I’ve posted a picture before of my load of medications. I’ve fought to only take drugs when I felt they were really needed.
However my quality of life has become more and more difficult without the help of these tools.
My Neurologist has often said “Why don’t you take what actually makes your life better on a consistant basis?” It was because I did not want to be dependent upon pills to get through my days (and nights).
I am coming to the conclusion that I need these drugs. And to try to be the person who doesn’t need medication to get through the day is literally a dead end street for me.
Today I didn’t have the strength to get moving and ready to attend a Bible study that I was looking forward to. I’d been down with fever & fatigue for several days before finally enjoying a good day and a half.
Yet here I was again unable to accomplish those things required to be independent or even to do just what I was looking forward to.
There are several different drugs for MS fatigue. I find if I take any of them on a regular basis they don’t help much. So I have to switch around from one type to another. Yet I still didn’t take any on a regular basis. I was only taking them when there were special things I needed to do.
At nearly eleven a.m. I took an amphetamine. By noon I was finally getting my shower and making the bed.
Ultimately I’ve gotten some things done around the house and feel some what accomplished.
Having the help of pharmaceutcals is a blessing. Who would want to spend days on end being “horizontal” when there is a way out? I’m no addict.. I have multiple sclerosis. So there! I’ve convinced myself.
And I’ve come to a new decision regarding taking drugs.. for me it’s “Just say Yes!”
When I got the news that I’d be sent a plane ticket to spend a week in Texas at the GeekBrief.TV studio I was so excited. And really hoped to also make time to meet with another video podcasting family Dave & Kat Curlee from CookingWithKat.
Soon we decided that I’d be “Switched from Cali & Neal’s home to the Curlee home for a Saturday night and Sunday morning for church.
Again I was so entirely blessed to stay with folks I knew from their podcast and our relationship on twitter and facebook yet had never met in person. The Curlee’s are parents to two precious little girls Jayna and Jillian.
I felt like I’d known these sweet folks all my life. Little Jayna even gave up her bedroom for “Granny Martha” to have a place to sleep.
We spent some time driving around the area, and Dave showed me the new Dallas Cowboy Stadium and Ballpark at Arlington.
To top off our visit besides touring more of the DFW area and taking my first trip to an IKEA store we actually shot a Cooking With Kat show. This was too much fun to be involved in yet another fun video podcast.
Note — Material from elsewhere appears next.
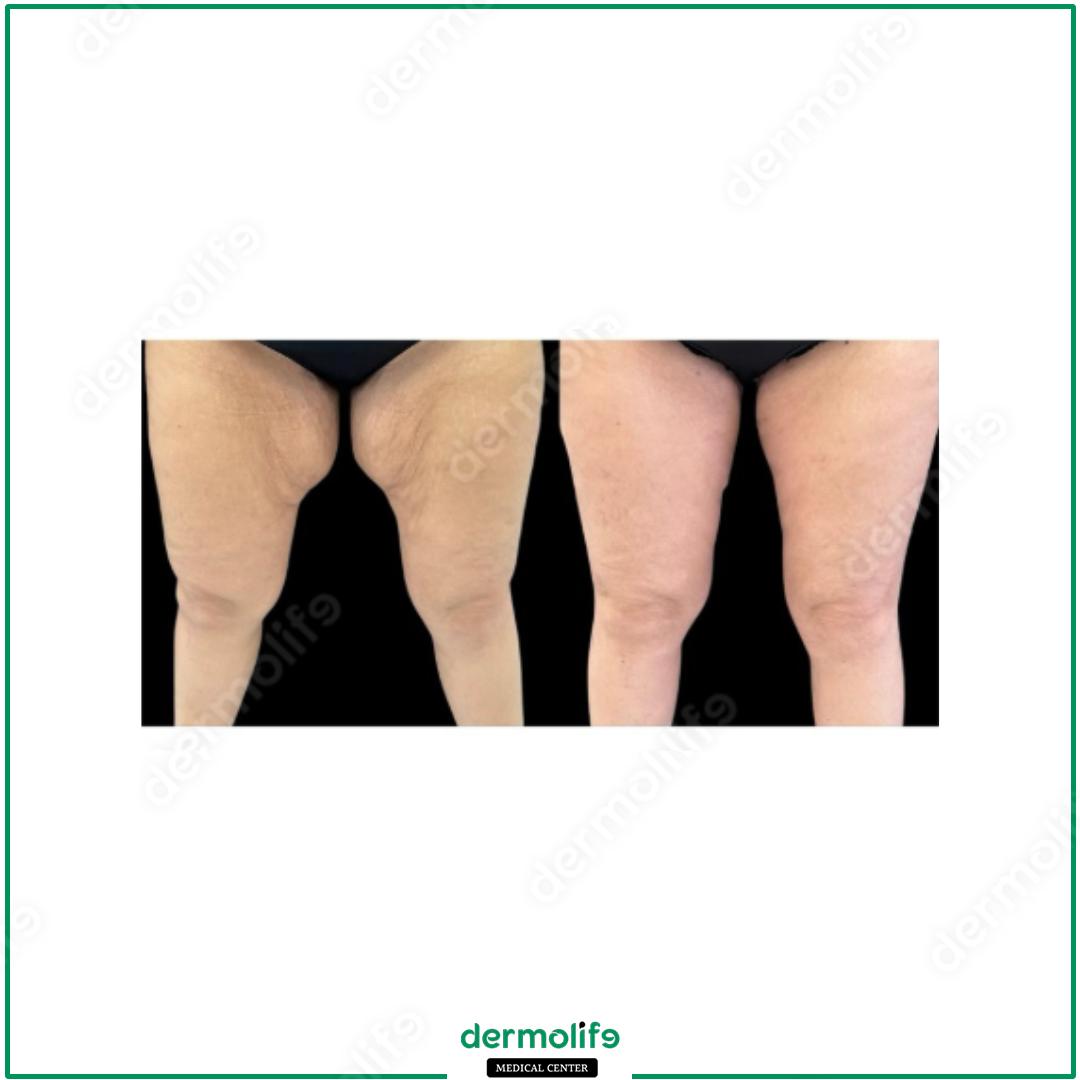 lifting cosce clinica estetica italy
Here is the episode we made together.. hope you enjoy
Do you remember last year when Tommy & I had some people stay with us that we’d never met in real life? Gabe and Marla Taviano and their children?
We’d gotten to know one another through Gabe’s podcast God’sMac Anyway.. Marla is an Author.. and felt lead by God to write a book called 52 zoos * 52zoos * And they have 3 little (beautiful) girls.. and felt that this was of the Lord.. so He would provide.
We were one family of many around the country who had the pleasure of having the Taviano family stay in our home so they could tour our zoo.
They accomplished this 52 zoos in 52 weeks on the 1st of Aug.
They’ve had a lot of publicity since. One thing Marla had hoped was to get to fly the family to California to go to their zoos. But that did not work out.. they drove 22 thousand miles total!
But today their flying dream came true as God has planned for them to be on the Early Show tomorrow on CBS!
This is so exciting.. but also a huge prayer request.. These folks want to give God the Glory.. so will you pray for their interview tomorrow?